June 21 – August 6, 2025
Roll Up Project is pleased to present a selection of sculptures by Jessy Slim. Slim’s recent sculptures feature fabric painted with chickpea clay that is stretched across wood, wire, and metal structures. The chickpea-covered surface – sometimes taut, other times twisted and draped – draws comparisons to landscapes and animal hides.
Two large sculptures fill the Harrison Street window: Chickpea Landscapes, 12 (2025) and Chickpea Landscapes, Femme (2025). Both works reflect on her Lebanese heritage, and on the issues she observed in Beirut in 2020. In addition to the widespread destruction caused by a chemical explosion in August 2020, the Chickpea Landscapes comment on the many economic and structural challenges the country faces. The underlying structures in Slim’s sculptures interact with the fabric and the chickpea texture, twisting and distorting the surfaces. Slim sometimes lights her sculptures from behind to enhance the crackling texture of the chickpea clay, and to illuminate those hidden structures.
In addition to thinking about the political stance of the work, the chickpeas are a reminder of the unifying force of a shared meal. Chickpeas are a staple across many Middle Eastern cuisines, and bring to mind the idea that people with varying political or social perspectives might all share the same positive memories and associations through a single ingredient.
In the Third Street windows, Slim presents several wall-hung sculptures from the series Little Guy Big Energy (2025). Wire frames are visible through the sheer fabric, creating strong linear elements.

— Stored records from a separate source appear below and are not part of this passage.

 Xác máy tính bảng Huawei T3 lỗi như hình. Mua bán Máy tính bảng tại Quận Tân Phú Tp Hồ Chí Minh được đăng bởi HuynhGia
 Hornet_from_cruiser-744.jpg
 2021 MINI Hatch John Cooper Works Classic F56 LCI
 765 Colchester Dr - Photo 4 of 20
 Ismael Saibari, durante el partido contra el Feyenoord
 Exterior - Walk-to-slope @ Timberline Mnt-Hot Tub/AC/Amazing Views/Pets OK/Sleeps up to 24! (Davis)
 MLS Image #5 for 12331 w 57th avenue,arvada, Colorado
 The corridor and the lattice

Considering Slim’s career in architecture, these may be studies for large-scale works, like 3-D sketches for future possibilities.
About the Artist
Jessy Slim creates work about a space in between, a place that deconstructs, re-frames, re-examines our surroundings, systems in place and their implications. Utilizing architecture, installation, sculpture and photography, intuition and memory drives her research-making based practice. These projects find means of critiquing power and authority. They act as an iconoclast, and synthesize a way to understand and question the innate nature of things around us. Through her own grappling of displacement, memory and the notion of home, the work encompasses and embraces her personal history through the lens of a Lebanese immigrant.
Slim earned an BA in Architecture from UC Berkeley in 2014, and MA in Architecture from Cranbrook Academy of Art in 2021. Her work has been exhibited at 120710, Works in Progress, and Root Division, among others. She was recently featured in the New York Times article, “A Troubled Homeland Embodied in a Bag of Chickpeas.”